*RECORDS SUPPLIED:*
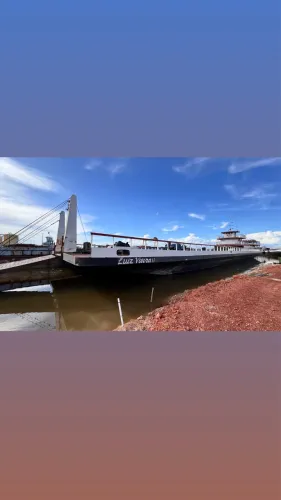 Ferry boat, balsa, barco. 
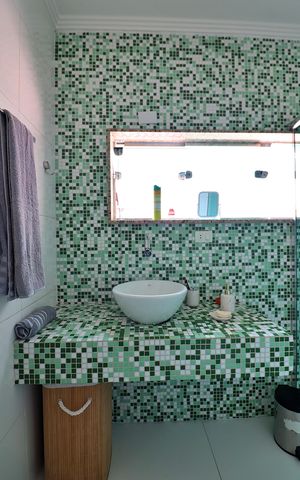 Casa à venda com 350m², 4 quartos e 8 vagasSuíte 3 Banheiro 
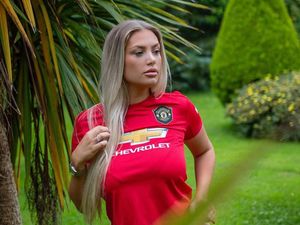 Foto: Liburannya Model Seksi Fans Berat Manchester United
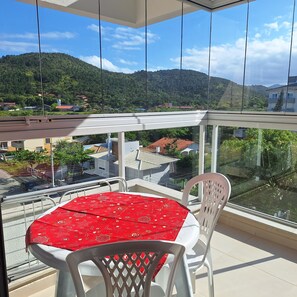 Outdoor dining - 100 meters from the beach. Chairs, umbrellas, beach cart. Just bring the towels. (Governador Celso Ramos)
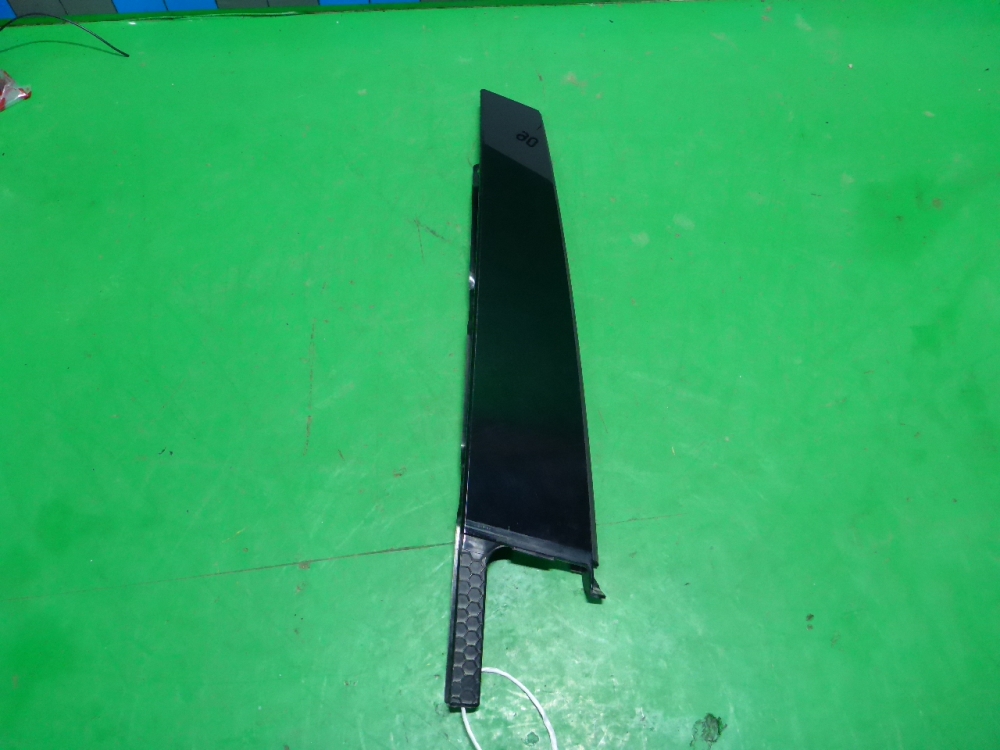 Накладка двери задней левой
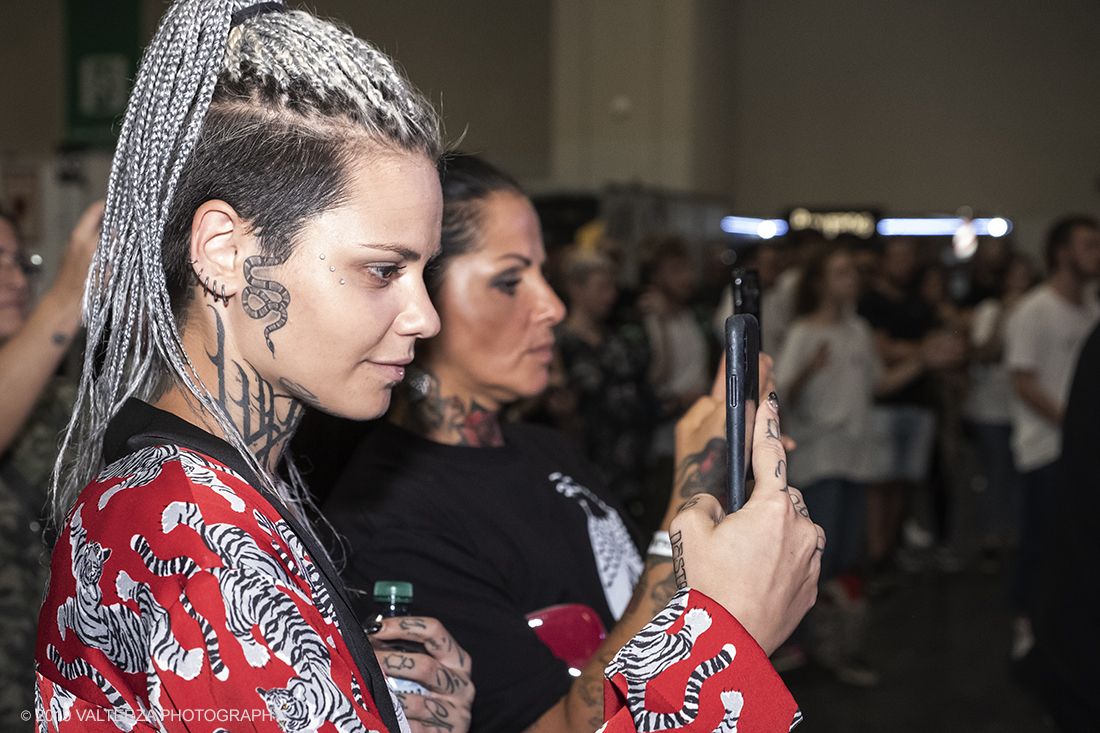 _DSF4063.jpg - 13/09/2019. Torino. Tattoo Convention Ã¨ un evento internazionale che ospita 340 tatuatori provenienti da tutto il mondo, 50 stand degli operatori e fornitori piÃ¹ importanti del settore. Nella foto visitatrici della convention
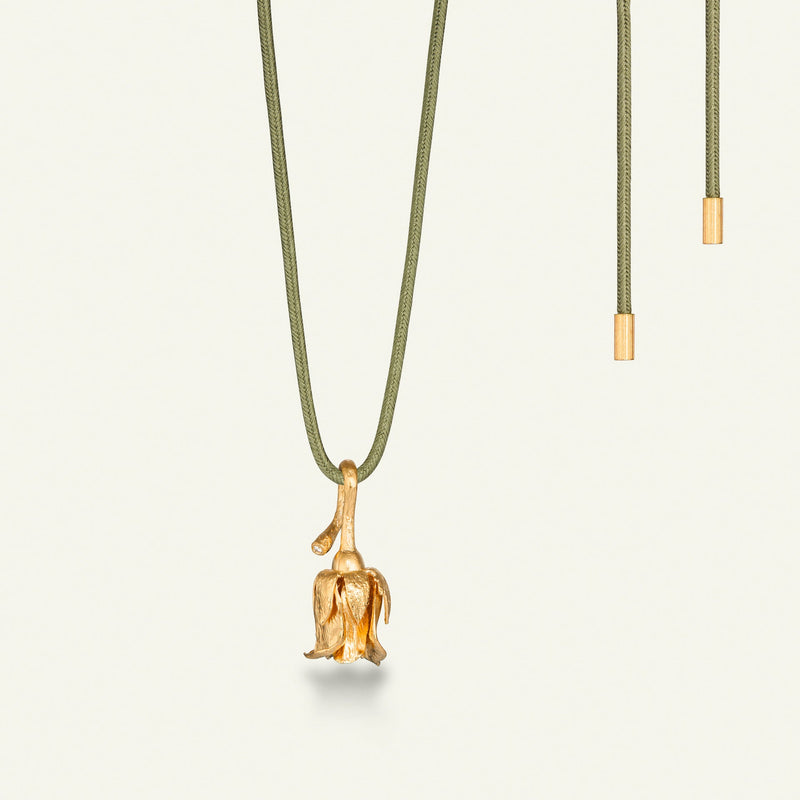 Rose med diamant på silkehalskjede, forgylt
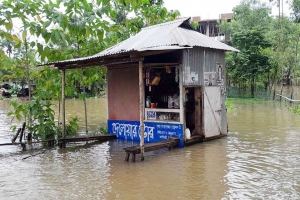 মৌলভীবাজারে বানভাসিরা খাদ্য সংকটে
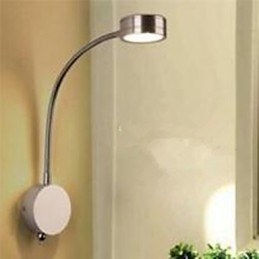 Parete semplice e moderna con personalità creativa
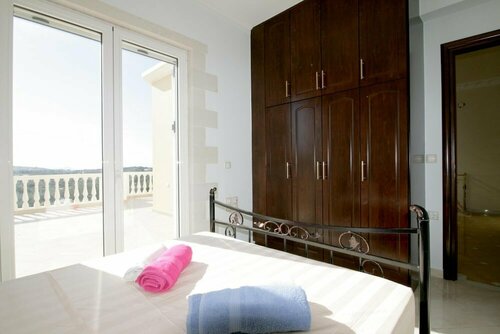 Гостиница Luxurious Villa Anthi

*INSTRUCTIONS FOR THE TASK:* No pictures, please. Output the listing above exactly as it stands.

*OUTPUT BELOW:*
 Ferry boat, balsa, barco. 
 Casa à venda com 350m², 4 quartos e 8 vagasSuíte 3 Banheiro 
 Foto: Liburannya Model Seksi Fans Berat Manchester United
 Outdoor dining - 100 meters from the beach. Chairs, umbrellas, beach cart. Just bring the towels. (Governador Celso Ramos)
 Накладка двери задней левой
 _DSF4063.jpg - 13/09/2019. Torino. Tattoo Convention Ã¨ un evento internazionale che ospita 340 tatuatori provenienti da tutto il mondo, 50 stand degli operatori e fornitori piÃ¹ importanti del settore. Nella foto visitatrici della convention
 Rose med diamant på silkehalskjede, forgylt
 মৌলভীবাজারে বানভাসিরা খাদ্য সংকটে
 Parete semplice e moderna con personalità creativa
 Гостиница Luxurious Villa Anthi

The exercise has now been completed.